What is NCR Paper?Also known as “Carbonless copy paper”
NCR paper was intended to replace an earlier version of copy paper know as carbon paper. It’s used to make a copy of an original handwritten or impact printed paper form. Developed by the NCR corporation as a clean, biodegradable, manual, non-mechanical or non-electronic document replication system.
How’s it work?
NCR paper is made up of one or more sheets of paper which are coated with very tiny micro-encapsulated dye or ink droplets and reactive clay. Where “micro-encapsulated” or also known as “microsphere” and where “clay” as fine silica sand.
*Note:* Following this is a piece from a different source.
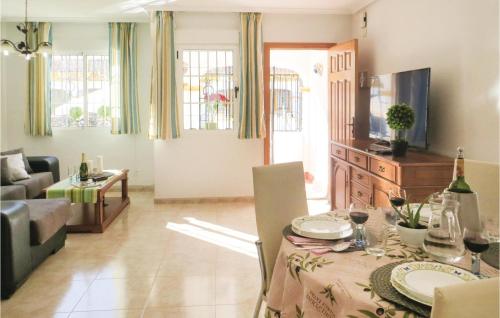 a living room with a table and a couch at Cozy Home In Torrevieja With Wifi in Torrevieja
The backside of the top sheet is coated with the very fine ink droplets. The top of the next consecutive sheet or sheets are coated with the clay. When force or pressure is applied to the top part of the form by hand writing or impact from an impact printer, the fine ink droplets burst and spill the tiny amount of the dye or ink onto the clay making a permanent mark. The key is to remember that the size of the ink droplet is around 2uM (uM is micrometers or 10 to the -6 power).
Most NCR forms are no more than 5 pages. So the very top page would not have any clay, and the very last sheet-back would have no ink droplets.
Composition of dyes and chemicals
Some dyes are, but not limited to- crystal violet lactone. Other dyes and supporting chemicals used are PTSMH (p-toluene sulfinate of Michler's hydrol), TMA (trimellitic anhydride), phenol-formaldehyde resins, azo dyes, DIPN (diisopropyl naphtalenes), formaldehyde isocyanates, hydrocarbon-based solvents, polycyclic aromatic hydrocarbons, polyoxypropylene diamine, epoxy resins, aliphatic isocyanates, Bisphenol A, diethylene triamine, and others.
Risk
Rare- contact with NCR could cause dermatitis (irritation of the skin, red itchy)
Invented by David Steinhardt and patent.